Ogmius Exchange Letter
Response to Clark and Pulwarty’s “Devising Resilient Responses to Potential Climate Change Impacts”
This letter has been triggered by the very timely and most welcome Ogmius Exchange on “decision-making and climate change”. This topic is not only important for research and policy, but to the forthcoming Fourth Assessment Report of the IPCC as well as the strategic planning of the US Climate Change Science Program (CCSP). In this short letter, I argue that there is considerable scope to link probabilities of climate change with climate adaptation decision-making.

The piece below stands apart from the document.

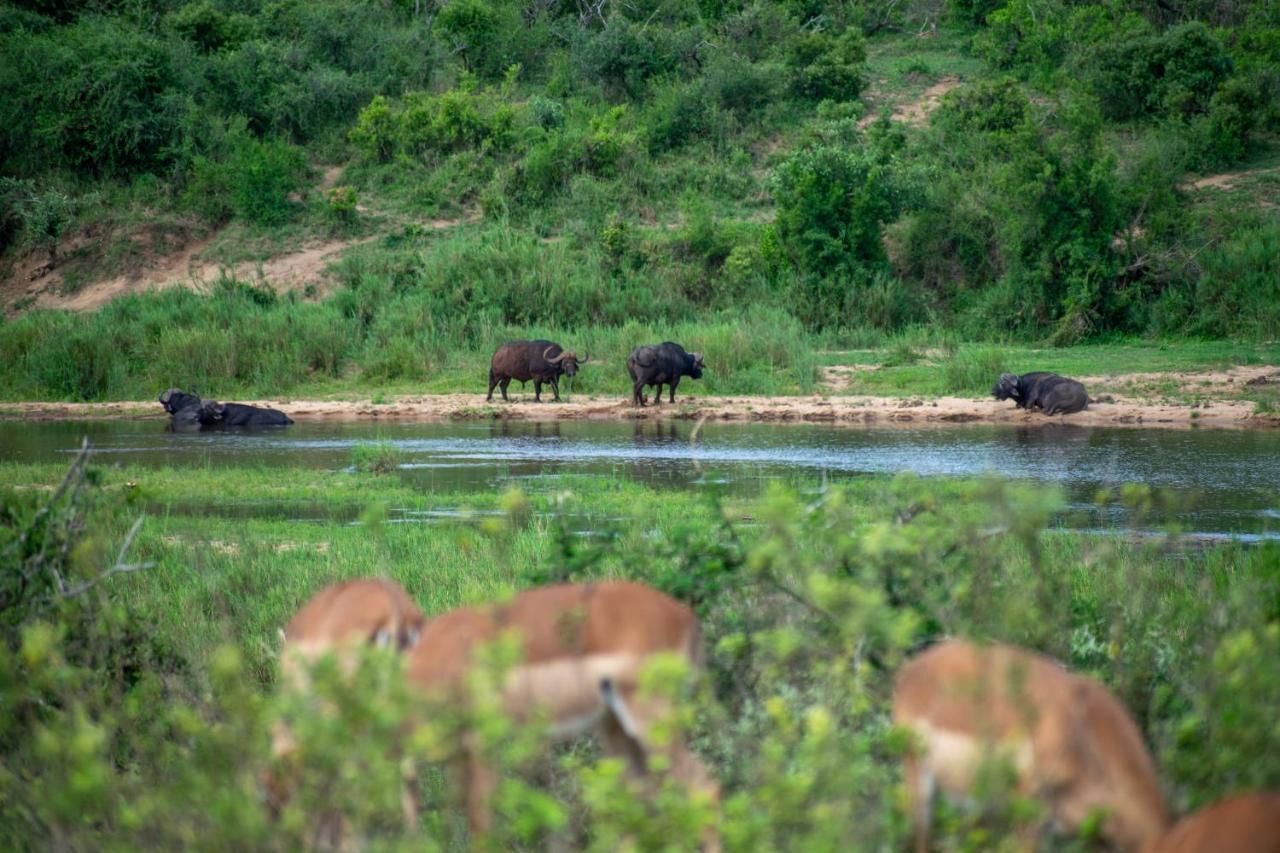 Adventure Bush House * Marloth Park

In their leading article, Clark and Pulwarty (C&P) give three reasons to scrap probabilities. First, C&P argue that climate models do not estimate the entire range of plausible futures so an approach focused on bounding the scope of the possible futures would be desirable. This is exactly at the core of much of the Bayesian work on constraining climate (and other) parameters (e.g., Forest et al., 2002). Estimating the entire range of plausible futures is practically impossible because of a number of other unquantifiable uncertainties of model prediction (see Dessai and Hulme, 2003) such as the second (ignorance) and third (anticipating human activity) points raised by C&P. However, ignorance of climate feedbacks, land use effects on climate or climate downscaling can benefit from further research, particularly with respect to the representation of uncertainties. Distinguishing between what is known and what is unknown is very useful to the process of focusing research. Though C&P have argued that predicting population growth and other determinants of greenhouse gas emissions is “essentially impossible”, various groups have attempted this (e.g., Lutz et al., 2001; Webster et al., 2002). C&P overlooked to mention that because humans are reflexive, representing uncertainty in terms of probabilities in the context of prediction is impossible. Probabilities will always remain “provisional” hence the need to combine scenario and uncertainty analysis (Dessai and Hulme, 2003).
C&P raise another three issues that need debating. First is the fact that probabilities are not the only way to represent climate change uncertainties. Various other techniques such as specific language or Dempster-Shafer theory are available to represent uncertainty. C&P argue that “probabilistic climate projections can mislead decision-makers”, but this is not the case unless the communication of uncertainty by the researchers is not done appropriately; in any case, probabilities will always remain conditional upon the assumptions taken by the researchers. Finally, Lempert and Schlesinger’s (2000) argument, which C&P support, that policies should be robust, i.e., as flexible as possible, is problematic in a financially constrained world. This is exactly where probabilities can help investments by considering the state-of-the-art knowledge, even if “conditional” and “provisional”. What we need to start researching is how sensitive climate adaptation decisions are to climate change (and other) uncertainties using, for example, a combination of probabilities and scenario analysis. Robust policies will be the ones that are scenario independent.
School of Environmental Sciences,
University of East Anglia, UK
and Tyndall Centre for Climate Change Research, UK
Dessai, S. and M. Hulme (2003). "Does climate policy need probabilities?" Tyndall Centre Working Paper (No. 34.): Available here.
Forest, C. E., P. H. Stone, A. P. Sokolov, M. R. Allen and M. D. Webster (2002). "Quantifying uncertainties in climate system properties with the use of recent climate observations." Science 295(5552): 113-117.
Lempert, R. J. and M. E. Schlesinger (2000). "Robust strategies for abating climate change." Climatic Change 45(3-4): 387-401.
Lutz, W., W. Sanderson and S. Scherbov (2001). "The end of world population growth." Nature 412(6846): 543-545.
Webster, M. D., M. Babiker, M. Mayer, J. M. Reilly, J. Harnisch, R. Hyman, M. C. Sarofim and C. Wang (2002). "Uncertainty in emissions projections for climate models." Atmospheric Environment 36(22): 3659-3670.